England advised to call off India tour

Published November 2, 2001

LONDON, Nov 1: A London-based Muslim religious leader advised England’s cricket authorities on Thursday to call off their forthcoming tour of India as their security could not be guaranteed in the wake of United States-led bombing raids on Afghanistan.

Sheikh Abu Hamsa al-Masri said: “England must cancel the tour. Only that way can the England team invest in their future security.

“As England have ground troops working in Afghanistan, it might be high risk for an England team to go anywhere near that area,” Hamsa said in the Evening Standard newspaper on Thursday.

“It would be wise for the England team to show solidarity with those civilians of Afghanistan who lost their lives to show the whole Muslim world they are against the killing of civilians,” he added.

Hamsa said a potential consequence of the military action in Afghanistan was that there was now a risk to England’s cricketers in India.

“The Afghans don’t have much influence in India.

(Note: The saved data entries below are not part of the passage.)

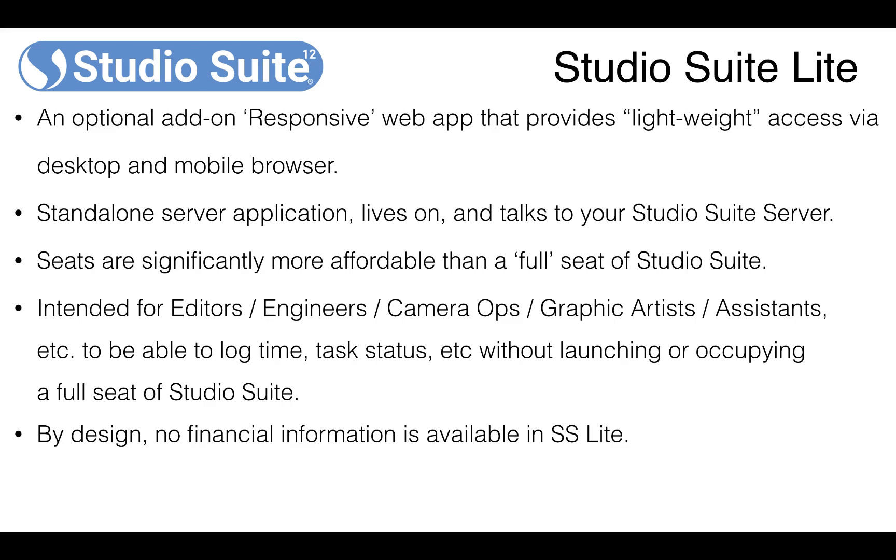And by design, no financial information is available in Studio Suite Lite. If you've been using Studio Suite a long time, this is essentially the new version of WebGlancer. So let's take a look.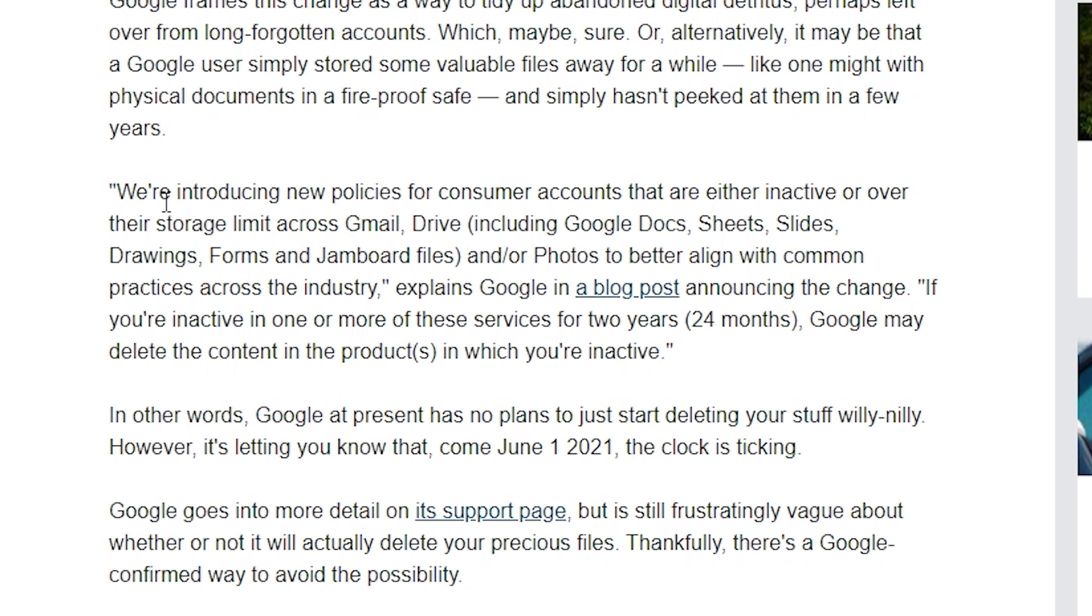Google drive, including Google docs, sheets, slides, drawings, forms, jam boards, and or photos to better align with the common practices across the industry. They continue on by saying if you're inactive on one of or more of these services for two years, 24 months, Google may delete the contents in those products in which you're inactive. So if you've gone ahead and just set up your phone to automatically back up to Google, you may be okay as long as you're using an actual Google native device.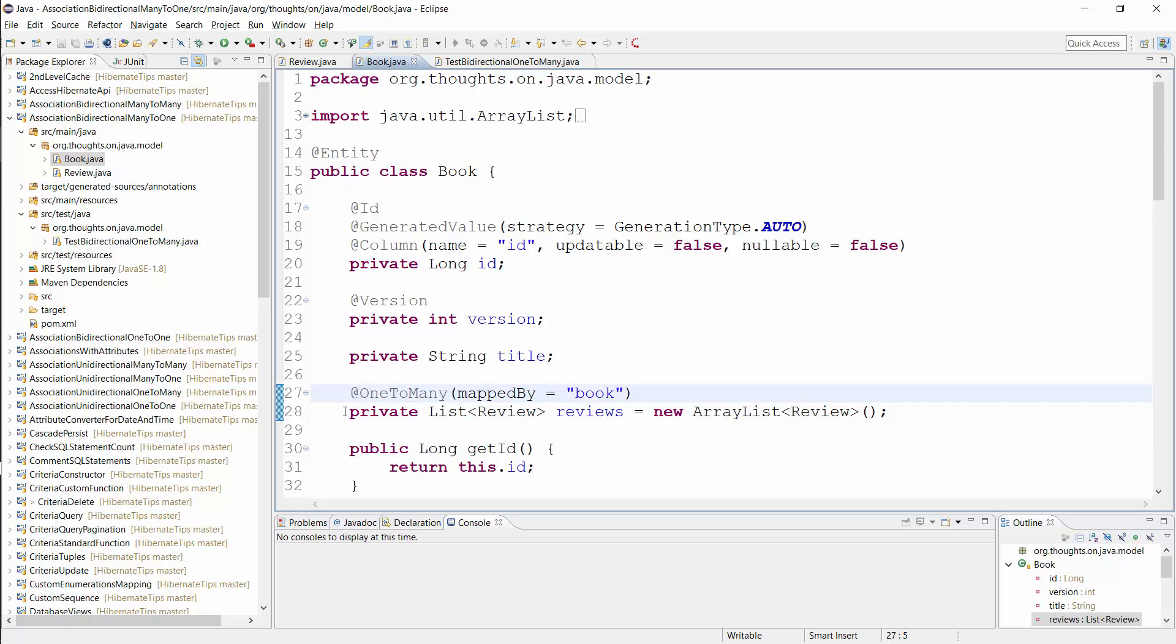Like in the table model, the bidirectional one-to-many association gets defined on the many side. The table on the many side stores the foreign key and its entity defines the association. It's similar for the entity mapping. You just need to reference the name of the association attribute of the many side as the value of the mapped by attribute and Hibernate has all the information it needs.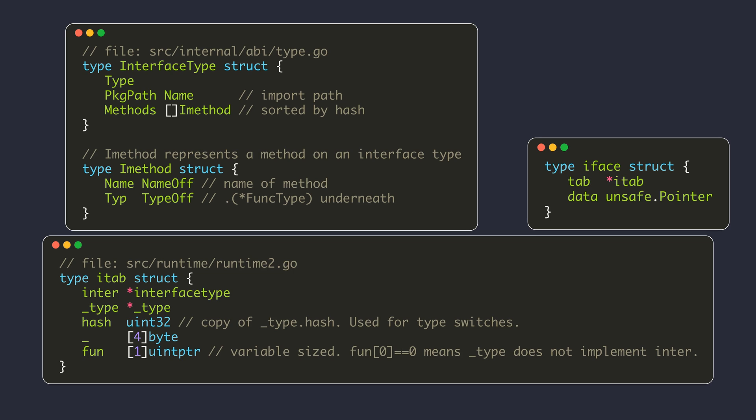The type description structures for every type including the interface type are created at compile time and contain the list of methods implemented by that type and some additional metadata. The Go compiler builds a global table containing these type description structures, which is loaded into memory when the compiled binary is executed. The interface table is not generated at compile time, because it contains information about both the interface type and the concrete type it stores. It isn't reasonable to pre-compute all possible interface tables, so the interface table is computed at runtime when a value of a non-interface type is converted to an interface type.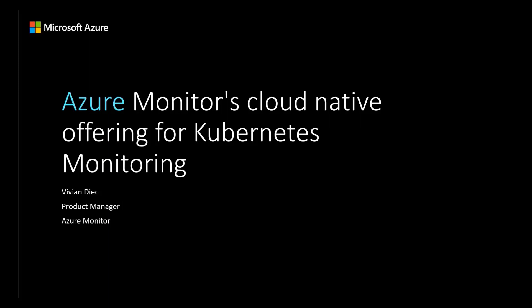Hi everyone, my name is Vivian and I'm a product manager with Azure Monitor. Today I'll be giving an overview and demo of Azure Monitor's cloud-native offering for Kubernetes.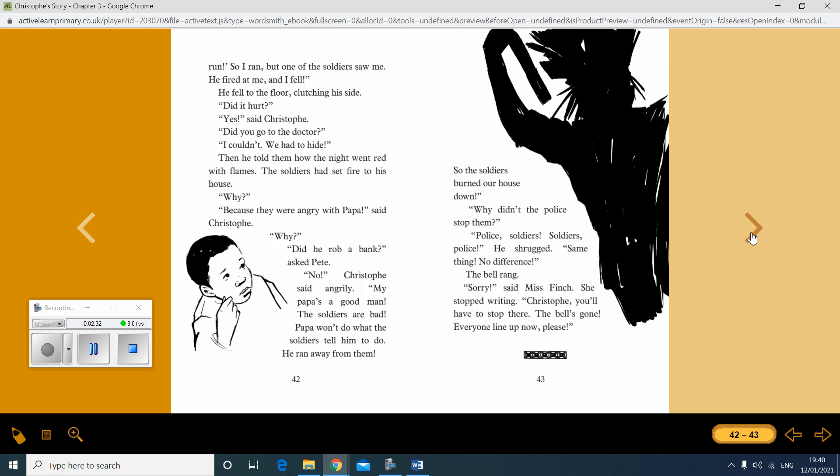So the soldiers burned our house down. Why didn't the police stop them? Police, soldiers, soldiers, police. He shrugged. Same difference. Same thing. No difference. The bell rang. Sorry, said Miss Finch. She stopped writing. Christoph, you'll have to stop there. The bell's gone. Everyone line up now, please.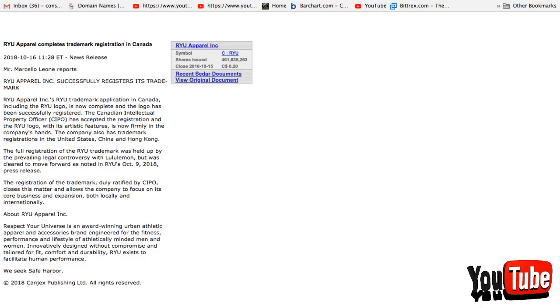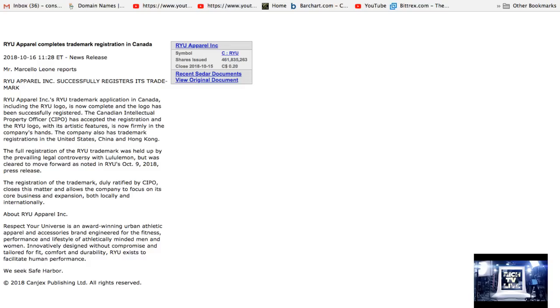Wow, this is breaking news, this is huge news. Once again, RYU Apparel Inc successfully registers its trademark.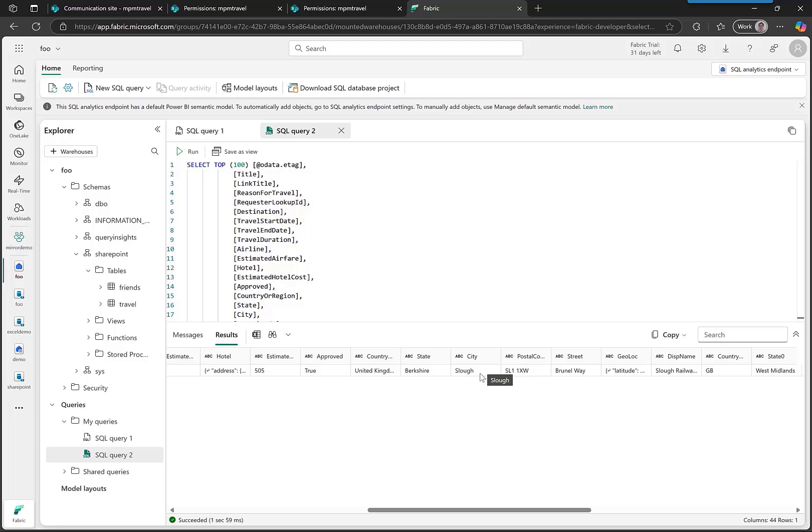So that's setting up SharePoint mirroring and just showing you how to grab the list ID and put it in. So go and play. Bye bye, love you.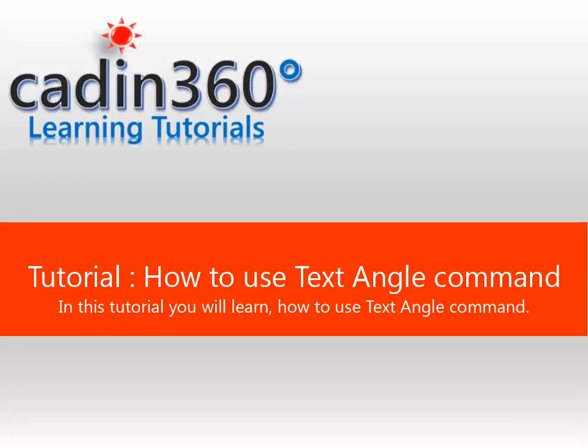Tutorial: How to use Text Angle Command. In this tutorial you will learn how to use Text Angle Command.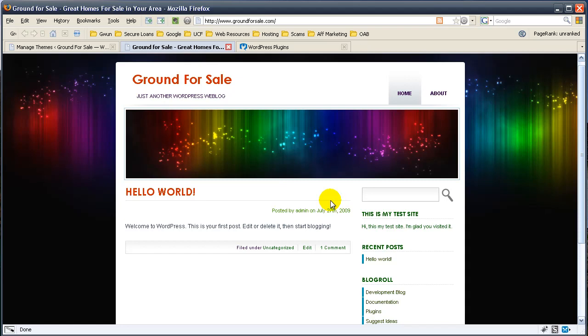Basically, this shows you how to add a new theme that wasn't originally added by DreamHost. In the next video, I'm going to teach you how to set up your first post.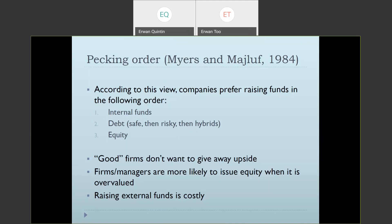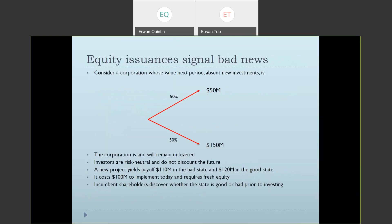When managers get information that things may not go well in the future, they realize that today equity is overvalued because the market does not know that yet. So today is a good day to issue equity. If I'm an outside investor and I see a corporation issue equity, one possibility is that managers, based on their superior information, know that equity is overvalued. That will cause me to revise my expectations and cause the equity price to go down. I'll illustrate this with the specific example Myers and Majluf used in their original paper.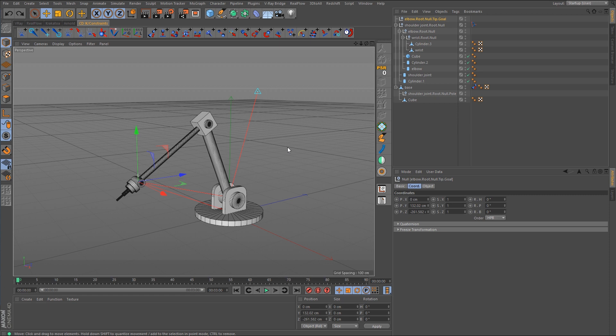I mainly just wanted to go over some of the basics here — when you're using IK to rig your mechanical objects, you don't really need to use bones. As you can see, we used null objects in place of bones. If you have any comments or questions, feel free to comment below. Thank you guys for watching, and I will see you in the next tutorial.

The risk will come from Muslim sympathisers inside India,” he said.

“The political situation inside India is that it can explode at any time and England could get caught up in it. India is a country rub by bribes,” Hamsa insisted.

“It is no good saying ‘but this is only sport’. Let us not forget that young children of Afghanistan, who were probably playing sport, have been killed by the American warplanes.”

Hamsa continued: “There can be no safety guarantees this year, next year, whenever. People don’t get hit when they expect to be hit. It can come suddenly at any time.”

Hamsa, who can only see out of one eye, was recently forced to relinquish control of a mosque in Finsbury Park, north London and has been a controversial figure in British public life.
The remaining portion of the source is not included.